Quase um ano após o trágico desabamento da antiga ponte JK, que ligava Tocantins ao Maranhão, imagens captadas por drones mostram o significativo progresso das obras da nova travessia entre os municípios de Aguiarnópolis e Estreito. A nova estrutura, que vem sendo erguida no local onde a ponte original desabou em 22 de dezembro de 2024, está se aproximando da conclusão, com a união das duas frentes de construção no vão central já registrada nesta sexta-feira, 21 de novembro.
O desabamento da antiga ponte, ocorrido no fim de 2024, deixou um saldo de 14 mortos, um ferido e três desaparecidos, além de um grande impacto econômico e logístico para a região. Desde o acidente, a reconstrução da travessia foi tratada como uma prioridade, e agora, 11 meses após a tragédia, os trabalhos avançam a passos largos.
De acordo com o Departamento Nacional de Infraestrutura de Transportes (DNIT), a obra já atingiu 80% de progresso, com previsão de liberação do tráfego até o final de dezembro. Já o ministro dos Transportes, Renan Filho, confirmou recentemente que a nova ponte será inaugurada até o dia 20 de dezembro, alinhando-se aos prazos estabelecidos. Apesar disso, o DNIT destaca que ainda existem etapas a serem finalizadas antes da liberação do tráfego, como serviços de acabamento, tratamentos do concreto e instalação de guarda-corpos.
Obra Orçada em R$ 171,1 Milhões e Com Mais de 500 Profissionais Trabalhando Sem Intervalos
A nova ponte, que está sendo construída com um investimento de R$ 171,1 milhões, contará com 630 metros de extensão e 19 metros de largura.
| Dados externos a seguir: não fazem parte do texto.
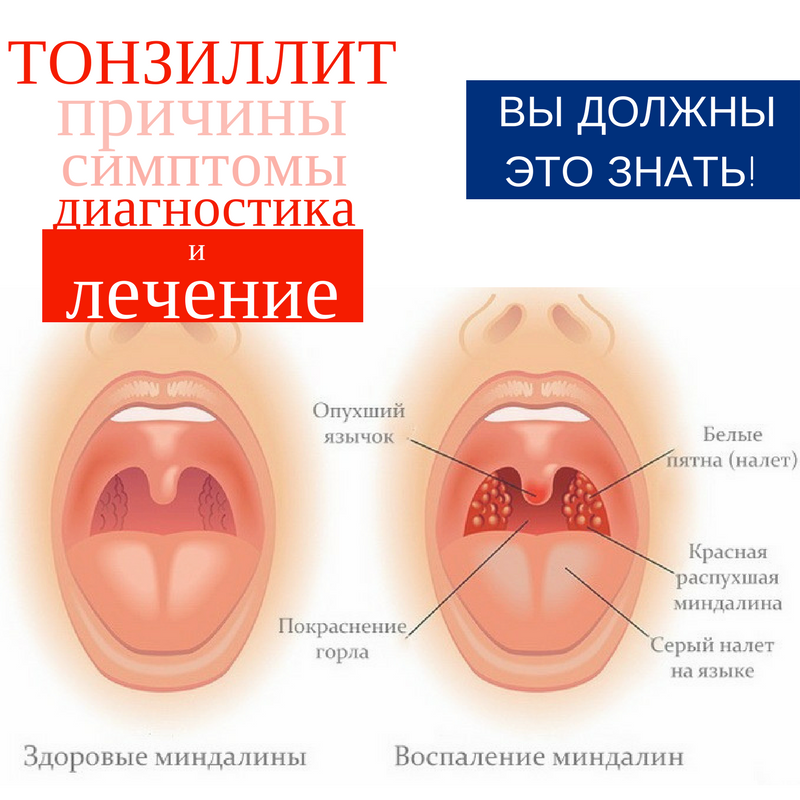 Герпесная ангина у детей и взрослых: фото, симптомы и лечение | pro-herpes.ru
A travessia terá um vão livre de 154 metros, além de duas faixas de rolamento de 3,6 metros cada, dois acostamentos de três metros, barreiras de proteção tipo New Jersey e passeios para pedestres. A obra conta com a dedicação de mais de 500 profissionais que trabalham em dois turnos diários, inclusive aos domingos e feriados, para garantir que o cronograma seja cumprido.
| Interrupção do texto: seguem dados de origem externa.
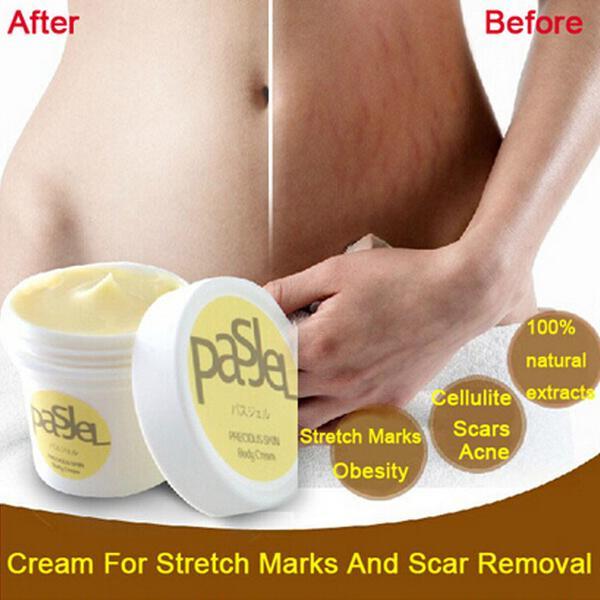 Pastel car Removal and Stretch Mark Cream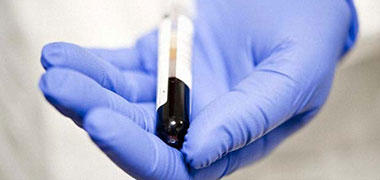 A scientist holding a small test tube containing a blood sample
Entre as pendências que ainda precisam ser resolvidas, estão a instalação de duas aduelas convencionais e três aduelas de fechamento nos dois lados da ponte. As aduelas são estruturas pré-moldadas essenciais para a estabilidade e durabilidade da construção.
Além da infraestrutura, um sistema de monitoramento de deformações e vibrações será instalado para garantir a segurança da nova ponte, que terá como principal função a restauração de um importante ponto de conexão entre o Norte e o Centro-Oeste do Brasil.
A Tragédia do Colapso da Ponte JK
O colapso da ponte JK foi um dos maiores acidentes registrados na história recente de infraestrutura no Brasil. O desabamento aconteceu por volta das 14h50 do dia 22 de dezembro de 2024, quando a estrutura não suportou o peso das cargas pesadas que trafegavam sobre ela. No momento do colapso, três motos, um carro, duas caminhonetes e quatro caminhões – incluindo dois carregados com 76 toneladas de ácido sulfúrico e defensivos agrícolas – caíram no Rio Tocantins, gerando um grande risco ambiental, além da tragédia humana.
A reconstrução da ponte representa, além de uma necessidade de restabelecer a mobilidade na região, uma importante etapa para a recuperação da confiança da população nas autoridades responsáveis pela segurança das infraestruturas rodoviárias. O desabamento serviu como um triste lembrete da importância de investimentos contínuos em manutenção e fiscalização das obras públicas.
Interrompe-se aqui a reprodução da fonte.